Bang Soeti tidak kecewa walau tidak bisa bertemu; ia cukup dengan keyakinan bahwa sahabatnya masih ada. Kasihnya murni, bebas dari syarat.
Itulah bentuk kematangan emosional tertinggi.
*Viktor Frankl -- Logotherapy*
Frankl menulis bahwa makna hidup sering ditemukan justru dalam penderitaan.
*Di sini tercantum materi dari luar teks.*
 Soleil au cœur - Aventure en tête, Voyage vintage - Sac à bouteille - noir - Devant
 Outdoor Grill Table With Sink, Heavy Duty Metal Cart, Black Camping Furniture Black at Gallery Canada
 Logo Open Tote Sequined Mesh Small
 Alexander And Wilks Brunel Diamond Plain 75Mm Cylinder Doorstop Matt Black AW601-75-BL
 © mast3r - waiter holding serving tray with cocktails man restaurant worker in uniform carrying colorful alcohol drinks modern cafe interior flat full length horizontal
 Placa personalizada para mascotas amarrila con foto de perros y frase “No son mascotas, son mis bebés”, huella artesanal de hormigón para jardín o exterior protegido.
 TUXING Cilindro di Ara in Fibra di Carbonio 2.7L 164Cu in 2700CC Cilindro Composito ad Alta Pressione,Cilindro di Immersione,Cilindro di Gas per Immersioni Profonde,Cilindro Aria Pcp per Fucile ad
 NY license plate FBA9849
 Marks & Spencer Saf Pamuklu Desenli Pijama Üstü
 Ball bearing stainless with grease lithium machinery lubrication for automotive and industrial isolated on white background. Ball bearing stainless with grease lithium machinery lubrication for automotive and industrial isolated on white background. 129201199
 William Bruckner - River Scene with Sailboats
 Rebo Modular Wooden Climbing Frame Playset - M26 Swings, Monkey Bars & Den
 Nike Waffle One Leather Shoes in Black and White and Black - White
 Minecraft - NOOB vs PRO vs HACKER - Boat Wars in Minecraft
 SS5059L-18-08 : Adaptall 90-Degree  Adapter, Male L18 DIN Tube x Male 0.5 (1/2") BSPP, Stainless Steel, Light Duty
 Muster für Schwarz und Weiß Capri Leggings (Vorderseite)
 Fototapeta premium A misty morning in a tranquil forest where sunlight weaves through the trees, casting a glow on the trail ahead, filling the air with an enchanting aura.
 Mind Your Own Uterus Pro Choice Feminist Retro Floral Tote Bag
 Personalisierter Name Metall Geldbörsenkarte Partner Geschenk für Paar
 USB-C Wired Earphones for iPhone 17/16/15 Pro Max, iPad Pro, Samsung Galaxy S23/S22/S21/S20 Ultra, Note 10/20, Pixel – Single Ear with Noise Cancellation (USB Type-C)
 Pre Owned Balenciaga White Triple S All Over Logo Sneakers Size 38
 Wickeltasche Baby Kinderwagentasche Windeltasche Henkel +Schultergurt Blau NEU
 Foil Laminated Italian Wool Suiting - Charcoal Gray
Bang Idrus menemukan makna baru dari sakitnya --- bukan sebagai musibah, tapi sebagai cara Tuhan memperlambat langkah agar ia sempat merenung, bersyukur, dan memperdalam cinta antarsesama.
*Martin Seligman -- Positive Psychology & Gratitude*
Menurut Seligman, rasa syukur adalah pilar kebahagiaan sejati.
Ucapan "Alhamdulillah" yang diucapkan Bang Idrus bahkan di tengah kesakitan adalah bentuk _gratitude_ yang menenangkan batin ---Â *kebahagiaan yang tak bergantung pada kondisi fisik*.
* Renungan di Ujung Doa*
Malam makin larut.
Angin Bandung yang lembut berdesir lewat jendela, mengibaskan tirai yang sudah pudar warnanya.
Bang Soeti masih duduk diam, menatap langit yang kelabu.
*Ia tahu mungkin mereka takkan sempat bertemu lagi*Â --- mungkin hanya doa yang tersisa untuk saling kirim. Tapi entah mengapa, itu sudah cukup.
Dalam batinnya, ia berkata lirih:
_"Tuhan, bila waktu tak lagi memberi kami ruang untuk bertemu, tolong satukan kami dalam kenangan yang tak lekang."_
Karena sesungguhnya, pertemuan paling dalam kadang terjadi di tempat yang tak terlihat --- di hati yang saling mengenang.